Cependant, une telle frénésie fatigue. Là où Good Time est plus onirique et sensoriel, jouissant d’une frénésie comparable certes mais avec des enjeux plus forts et évidents, Uncut Gems enchaîne ses péripéties pour faire d’Howard un homme rongé par le manque de temps et d’argent, un épicurien piégé par un système qu’il rêve pourtant d’animer. Epicure écrivait d'ailleurs dans Les lettres à Ménécée : « Gardez-vous de regarder la fortune comme une déesse. »
Uncut Gems nous emmène de force dans une spirale électrisante, à travers boutiques, clubs, trottoirs et hôtels, sans prendre le temps de respirer. Tout peut basculer, à chaque instant. Le visionnage devient parfois éreintant, car un peu long, par les engueulades incessantes et les constants allers-retours des personnages. Le film manque d’une pause, d’un moment de calme, permettant d’appuyer cette fougue du personnage et cette virtuosité de l’image (le chef opérateur Darius Khondji travaille superbement les couleurs pour une imagerie clinquante) et permettant de faire repartir de plus belle cette descente en enfer, comme d’un moment de lucidité pour Howard qui retrouverait alors notre empathie. La course constante empêche le film d’avoir un climax percutant et bouleversant, un point culminant où les émotions explosent. Si le plan-séquence dans la bijouterie est une maîtrise d’intensité, le film ne retrouve pas par la suite cette apothéose qui marquerait à plus grande ampleur l’esprit. On regrettera également de ne pas voir Uncut Gems sur grand écran en France, ce qui aurait donné lieu à une expérience plus forte.

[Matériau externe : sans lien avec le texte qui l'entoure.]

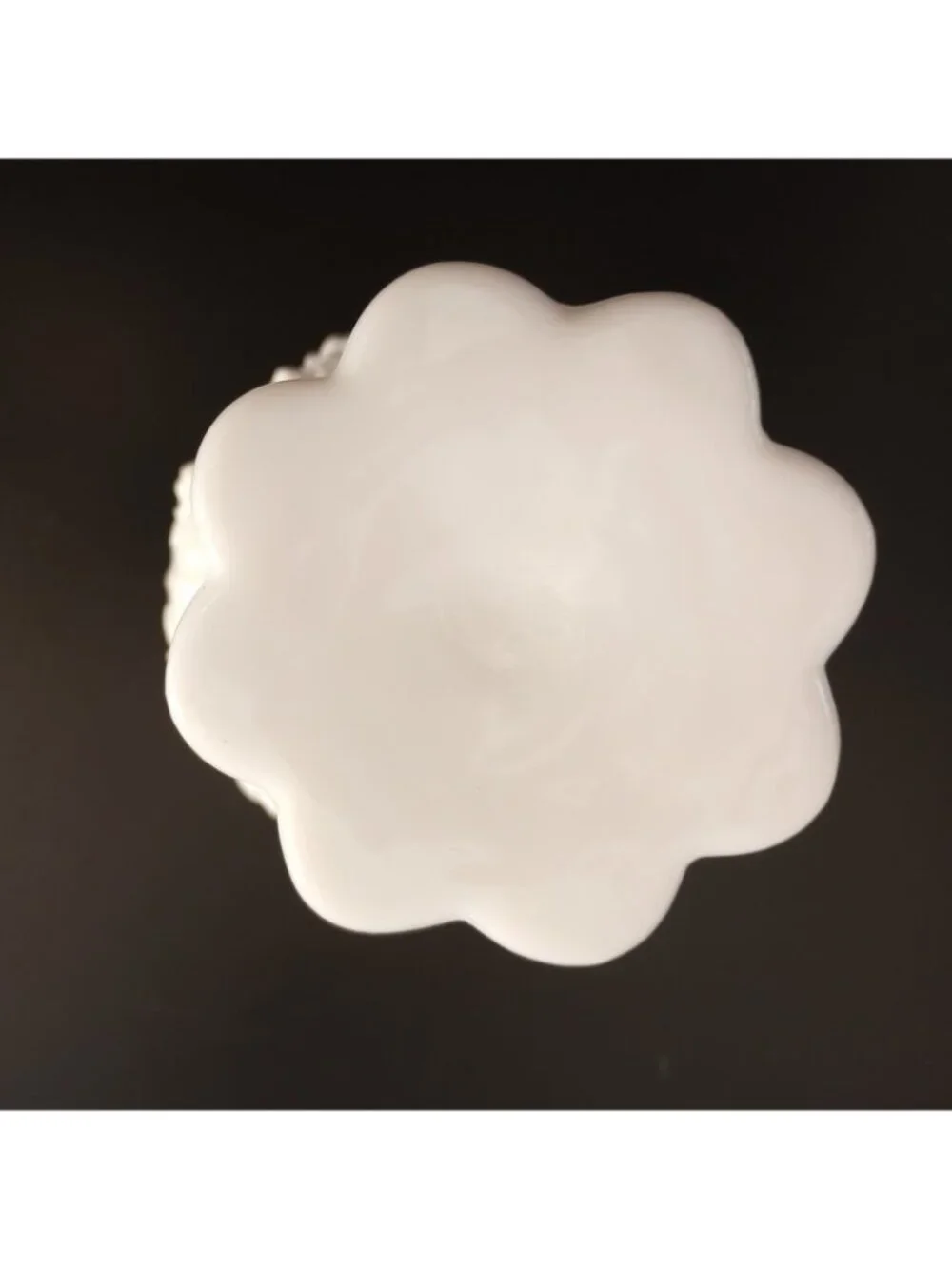 Fenton Milk Glass Scalloped Chalice Roses White Pedestal Candy Dish Vintage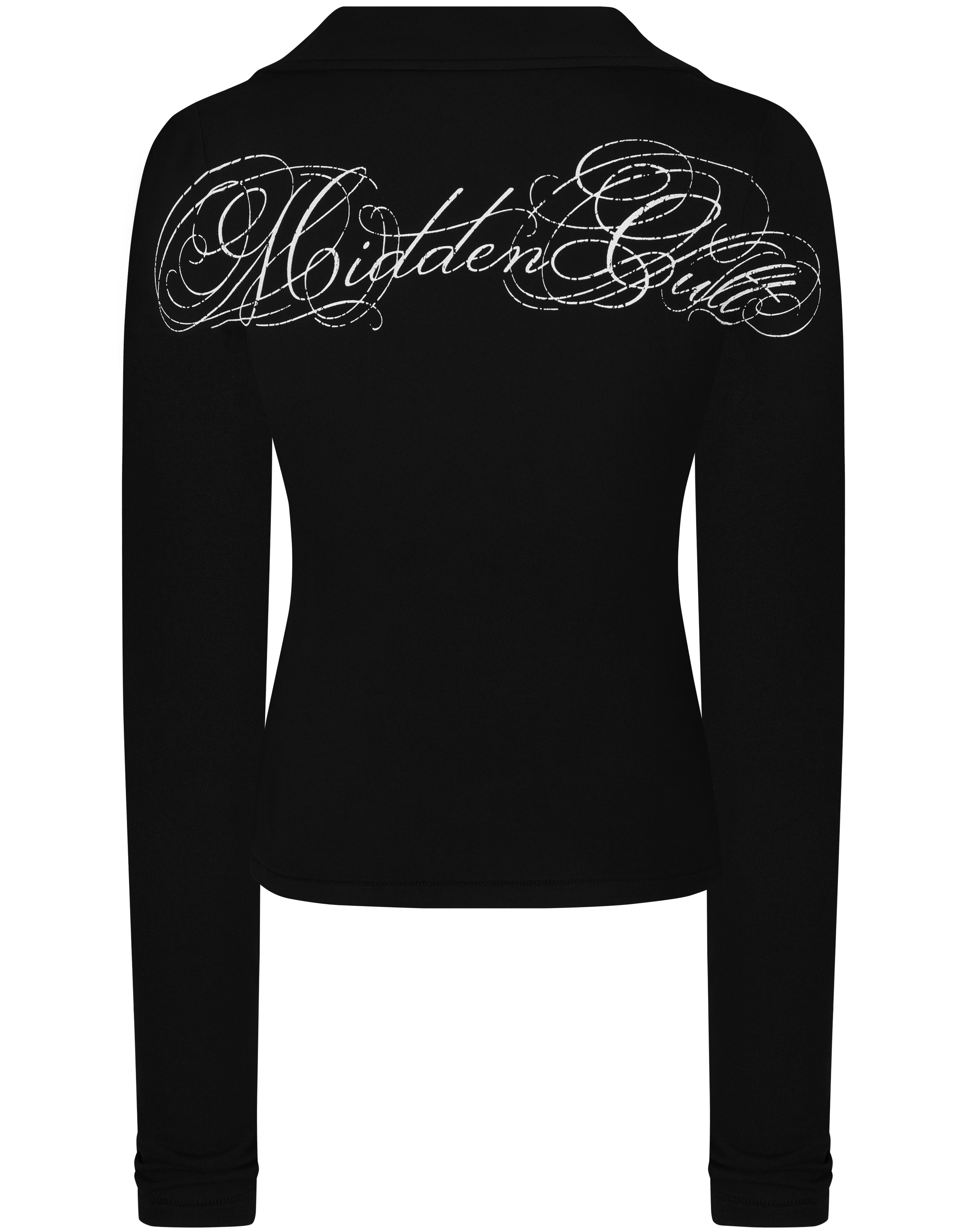 HIDDEN CULT Smooth Signature Polo Longsleeve Black Stretch Black Top Bodycon Workout Wear Set TikTok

Uncut Gems est pourtant une réussite, malgré un paradoxal essoufflement, car témoigne d’un aboutissement du cinéma des frères Safdie qui certes ressassent la même vitalité de leur précédent film mais égalent leur travail de mise en scène. Good Time est sur un personnage voué à chercher un « chez soi » qui n’existe pas, Uncut Gems poursuit cela avec un personnage qui n’a pas sa place au sein de son « chez soi », l’obligeant à courir après matérialité et succès tout en prenant du plaisir à se mettre en danger. Epicure écrivait également dans ses lettres : « Il n'y a pas moyen de vivre agréablement si l'on ne vit pas avec prudence.»